#### PROBLEM TO WORK ON:
Exactly the lines below starting at the line with "Crushed, damaged, discarded" and ending at the line with "Freeze motion of" are wanted, with both ends included. Leave out the pictures and add no other lines.

- Opening Delimiter -

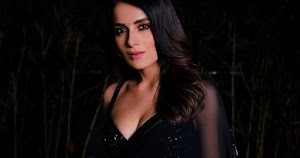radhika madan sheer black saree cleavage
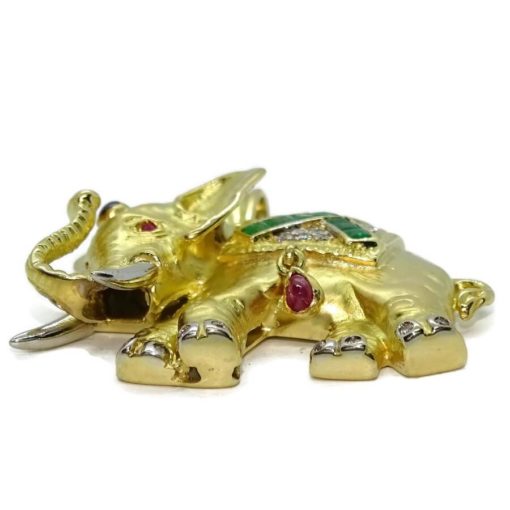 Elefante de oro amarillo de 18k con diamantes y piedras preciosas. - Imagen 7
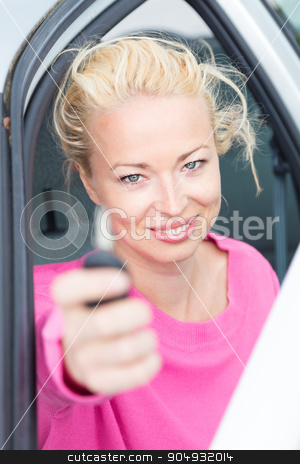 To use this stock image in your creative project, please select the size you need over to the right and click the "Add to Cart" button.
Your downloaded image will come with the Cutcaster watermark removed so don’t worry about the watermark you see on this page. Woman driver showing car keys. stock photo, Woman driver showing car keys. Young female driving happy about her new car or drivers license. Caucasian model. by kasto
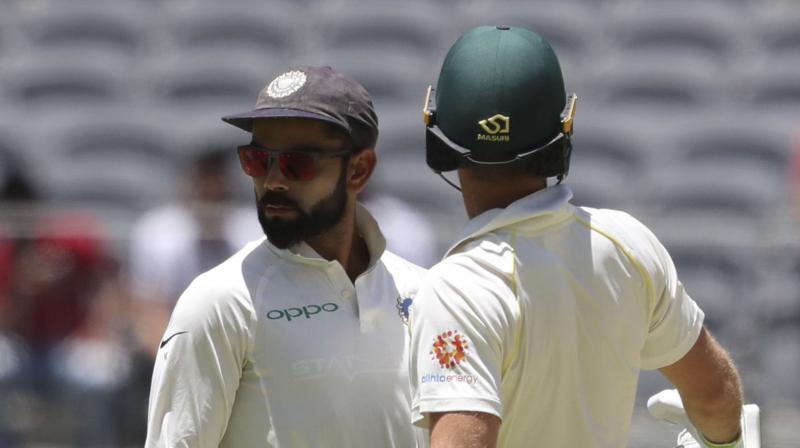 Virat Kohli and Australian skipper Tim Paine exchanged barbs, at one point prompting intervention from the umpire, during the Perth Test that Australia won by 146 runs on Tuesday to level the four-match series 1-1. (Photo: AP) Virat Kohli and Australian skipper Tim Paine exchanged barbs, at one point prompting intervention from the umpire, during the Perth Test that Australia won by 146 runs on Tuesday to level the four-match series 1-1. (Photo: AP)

- Closing Delimiter -
- Opening Delimiter -

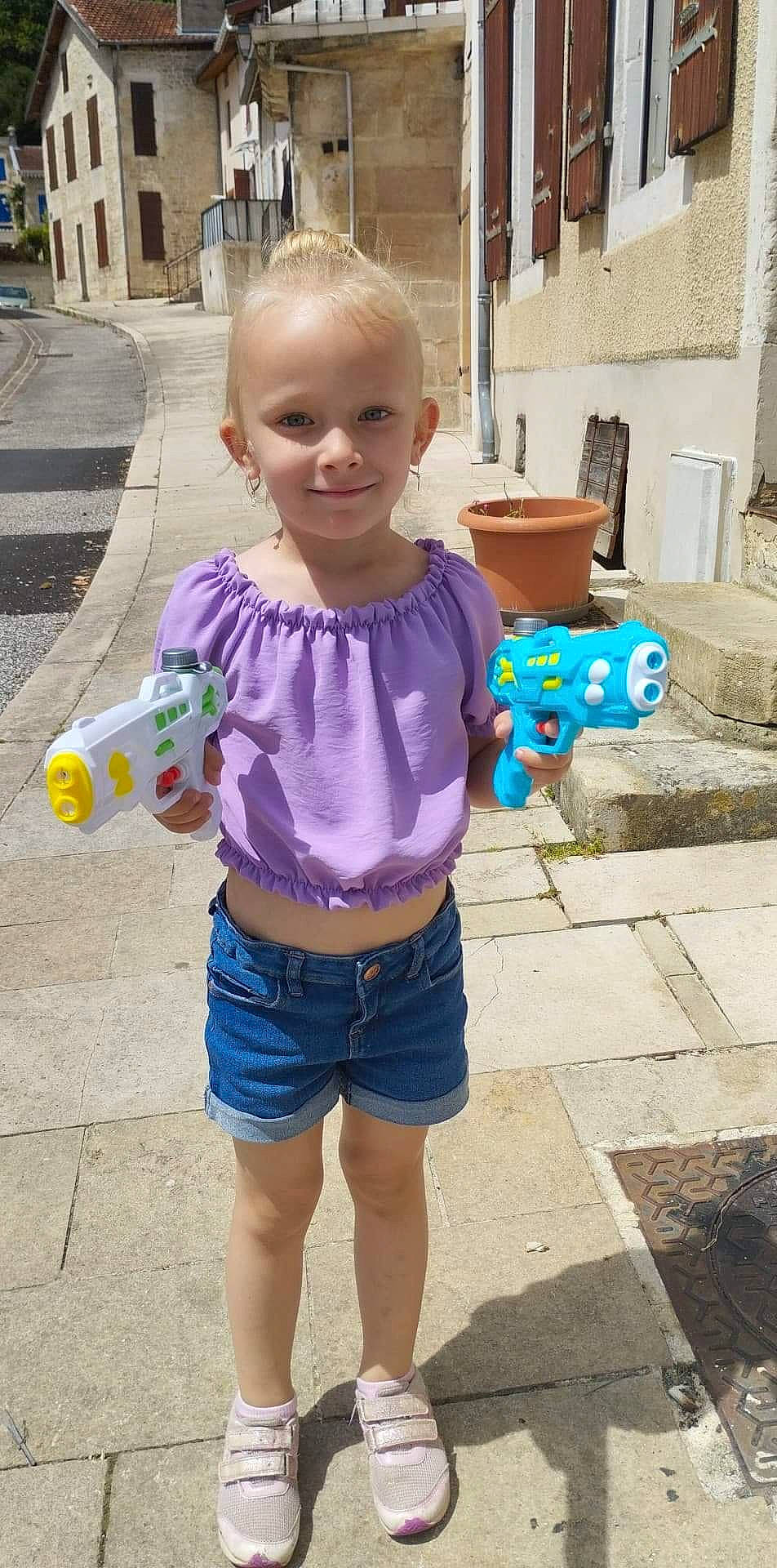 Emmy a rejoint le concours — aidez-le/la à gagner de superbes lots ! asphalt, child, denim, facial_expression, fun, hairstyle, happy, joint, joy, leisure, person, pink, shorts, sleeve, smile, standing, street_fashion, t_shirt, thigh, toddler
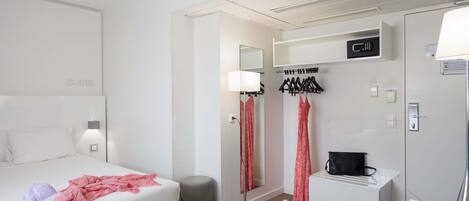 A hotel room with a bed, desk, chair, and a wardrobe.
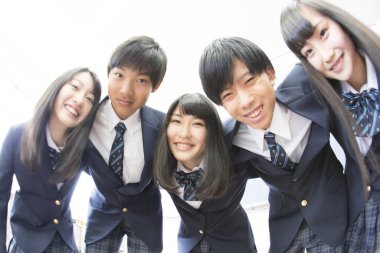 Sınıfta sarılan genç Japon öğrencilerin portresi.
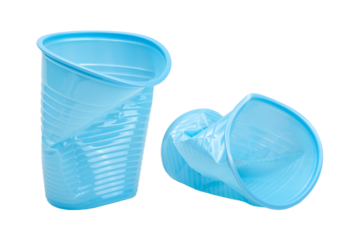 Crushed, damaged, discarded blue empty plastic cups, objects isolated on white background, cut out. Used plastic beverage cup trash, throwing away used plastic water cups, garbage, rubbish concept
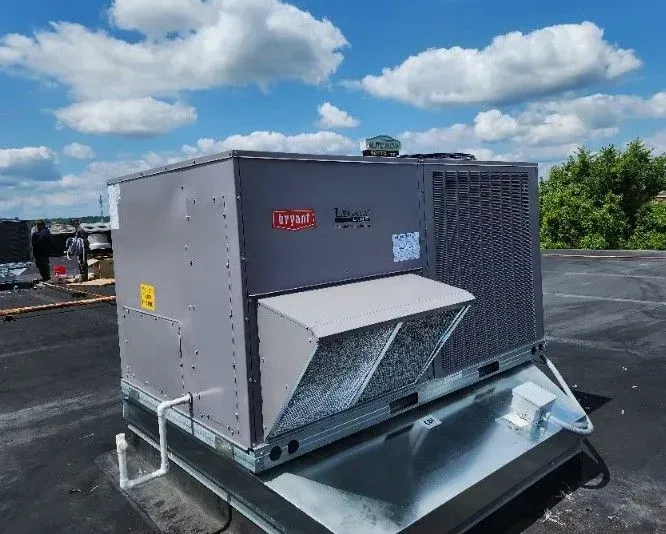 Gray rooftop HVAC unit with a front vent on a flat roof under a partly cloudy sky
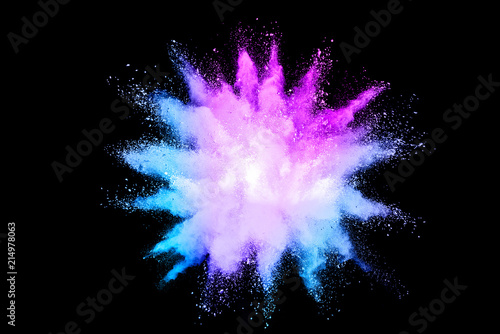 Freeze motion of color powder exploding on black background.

- Closing Delimiter -

#### RESULT BELOW:
 Crushed, damaged, discarded blue empty plastic cups, objects isolated on white background, cut out. Used plastic beverage cup trash, throwing away used plastic water cups, garbage, rubbish concept
 Gray rooftop HVAC unit with a front vent on a flat roof under a partly cloudy sky
 Freeze motion of color powder exploding on black background.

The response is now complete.